> _Exercise_:
Set down the full listing exactly as given. Any pictures are to be left out.

> _Raw data_:
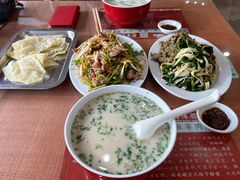 拌羊脸-教师之家赵家羊汤馆(东青龙街店)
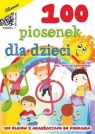 100 piosenek dla dzieci red. Marcin Borkowski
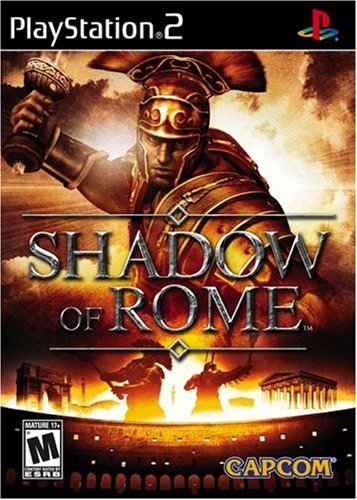 Shadow of Roma - PlayStation 2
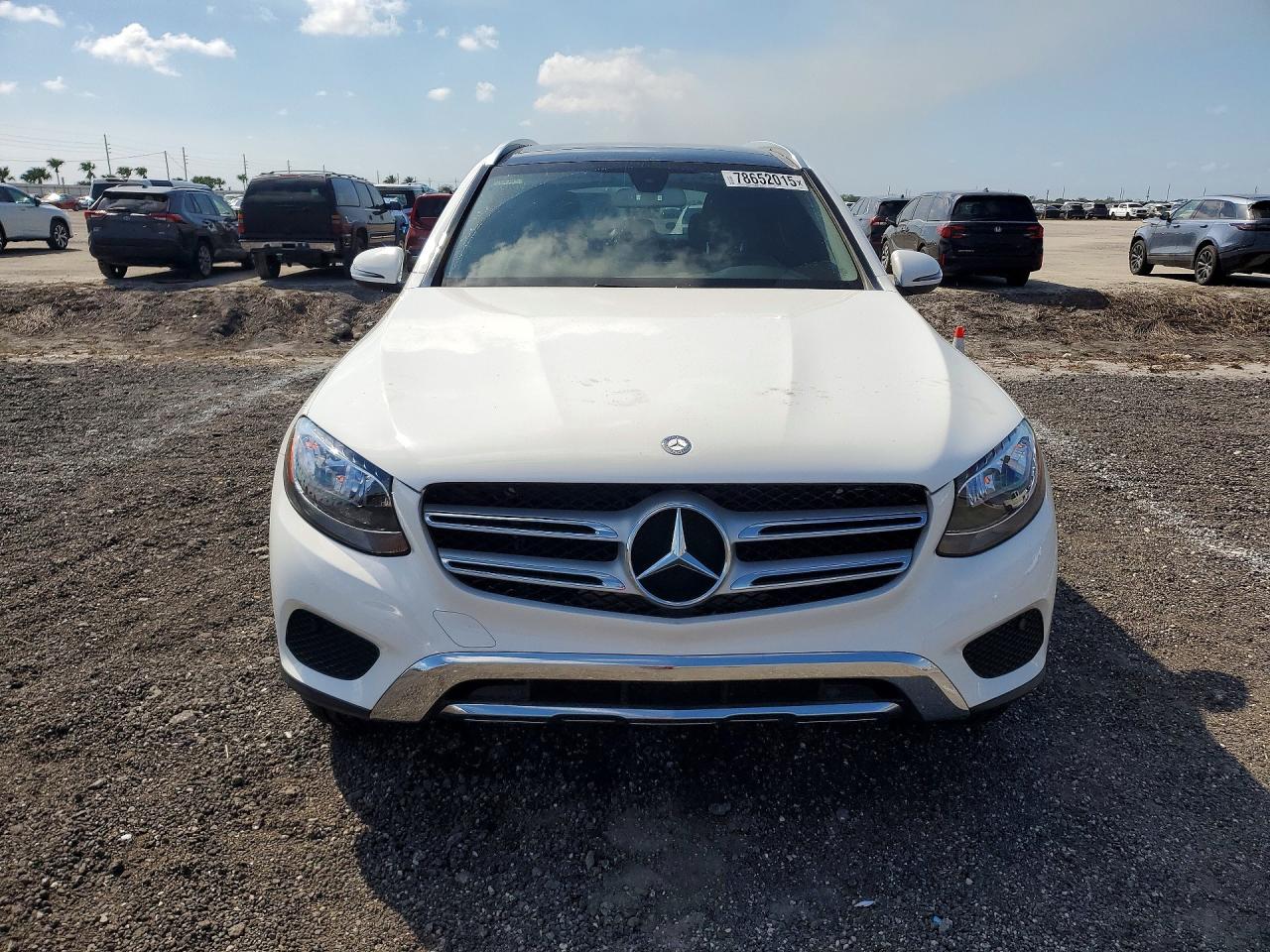 2016 MERCEDES-BENZ GLC 300 4MATIC photo 5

> _Solved exercise_:
 拌羊脸-教师之家赵家羊汤馆(东青龙街店)
 100 piosenek dla dzieci red. Marcin Borkowski
 Shadow of Roma - PlayStation 2
 2016 MERCEDES-BENZ GLC 300 4MATIC photo 5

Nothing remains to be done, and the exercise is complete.